Oz Karahan – Avrupa Gazetesi (23.10.2022) – ‘Mesleği’ karma evlilik çocuklarının Kıbrıs Cumhuriyeti vatandaşlığı alması için gereken kağıt işleri için koşturmak.
İş takipçisi.
Geçim kaynağı bu.
Aynı zamanda yarı zamanlı solculuk oynuyor, çoğu Kıbrıslı gibi.
Kendi eliyle onlarca karma evlilik çocuğuna kimliklerini takdim etmiş.
Karşılığında bazen para, bazen de farklı şeyler talep ediyor.
Kıbrıslıların üçüncü ülke vatandaşları ile yaptığı evliliklerden doğan çocukların ezici çoğunluğunun Kıbrıs Cumhuriyeti vatandaşlığı aldığını çok iyi biliyor.

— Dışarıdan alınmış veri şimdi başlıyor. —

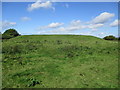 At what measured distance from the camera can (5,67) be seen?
42.5 ft

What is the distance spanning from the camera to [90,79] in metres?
9.74

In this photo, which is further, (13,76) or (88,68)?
(88,68)

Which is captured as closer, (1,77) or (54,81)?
(54,81)

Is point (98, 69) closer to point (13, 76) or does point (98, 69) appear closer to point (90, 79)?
point (90, 79)

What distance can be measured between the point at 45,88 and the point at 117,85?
16.9 feet

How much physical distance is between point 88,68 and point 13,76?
711cm

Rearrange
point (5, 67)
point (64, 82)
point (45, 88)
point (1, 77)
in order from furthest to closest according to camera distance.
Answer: point (5, 67) → point (1, 77) → point (64, 82) → point (45, 88)

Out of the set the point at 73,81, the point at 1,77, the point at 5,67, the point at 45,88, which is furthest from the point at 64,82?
the point at 5,67

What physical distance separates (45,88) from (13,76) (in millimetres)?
3725

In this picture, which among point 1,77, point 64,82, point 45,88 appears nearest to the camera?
point 45,88

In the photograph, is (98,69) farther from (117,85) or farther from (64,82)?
(64,82)

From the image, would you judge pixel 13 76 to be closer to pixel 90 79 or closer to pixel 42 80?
pixel 42 80

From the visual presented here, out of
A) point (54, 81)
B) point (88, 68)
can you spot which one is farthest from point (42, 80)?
point (88, 68)

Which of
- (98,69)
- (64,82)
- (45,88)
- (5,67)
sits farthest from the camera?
(5,67) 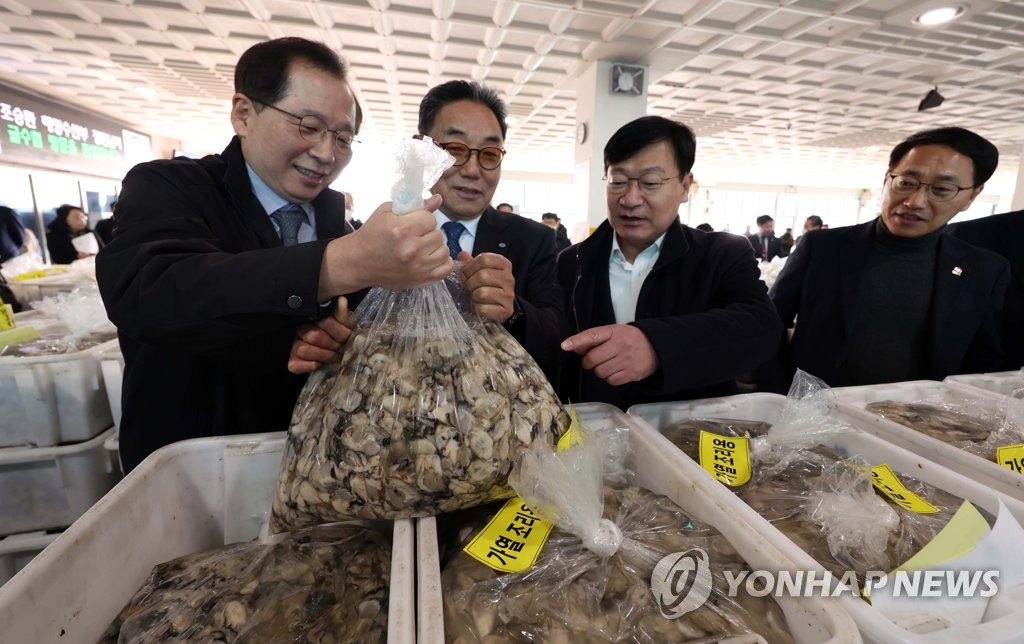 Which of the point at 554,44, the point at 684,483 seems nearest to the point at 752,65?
the point at 554,44

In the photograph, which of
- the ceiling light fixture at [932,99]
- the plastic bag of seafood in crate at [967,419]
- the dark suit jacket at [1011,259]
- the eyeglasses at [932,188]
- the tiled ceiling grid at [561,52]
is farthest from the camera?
the ceiling light fixture at [932,99]

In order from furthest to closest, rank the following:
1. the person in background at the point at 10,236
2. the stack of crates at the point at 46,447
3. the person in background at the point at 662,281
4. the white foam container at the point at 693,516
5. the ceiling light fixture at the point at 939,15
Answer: the person in background at the point at 10,236
the ceiling light fixture at the point at 939,15
the stack of crates at the point at 46,447
the person in background at the point at 662,281
the white foam container at the point at 693,516

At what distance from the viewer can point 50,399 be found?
122 cm

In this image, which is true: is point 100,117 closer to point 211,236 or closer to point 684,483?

Biliyor ama hâlâ Kıbrıs Cumhuriyeti’ne saldırıyor…
Saldırıyor çünkü bu onun için hem para hem alkış demek!
Yaptığı siyasetle “Kıbrıs Cumhuriyeti”nin varlığı ve anayasasını kabul etmediğini her gün dile getirirken, yönetimini kendi eliyle hediye ettiği Rumca konuşan Kıbrıslıları kendi kafasından uydurduğu “yasalara” uymamakla suçlayıp duruyor.
O yasalar ara sıra istemediği “Kıbrıs Cumhuriyeti” anayasası oluyor, ara sıra uydurduğu “Avrupa Birliği yasaları” diye bir şey oluyor, çok köşeye sıkışırsa konuyla hiçbir alakası olmayan “uluslararası hukuk” terimini ortaya atıveriyor.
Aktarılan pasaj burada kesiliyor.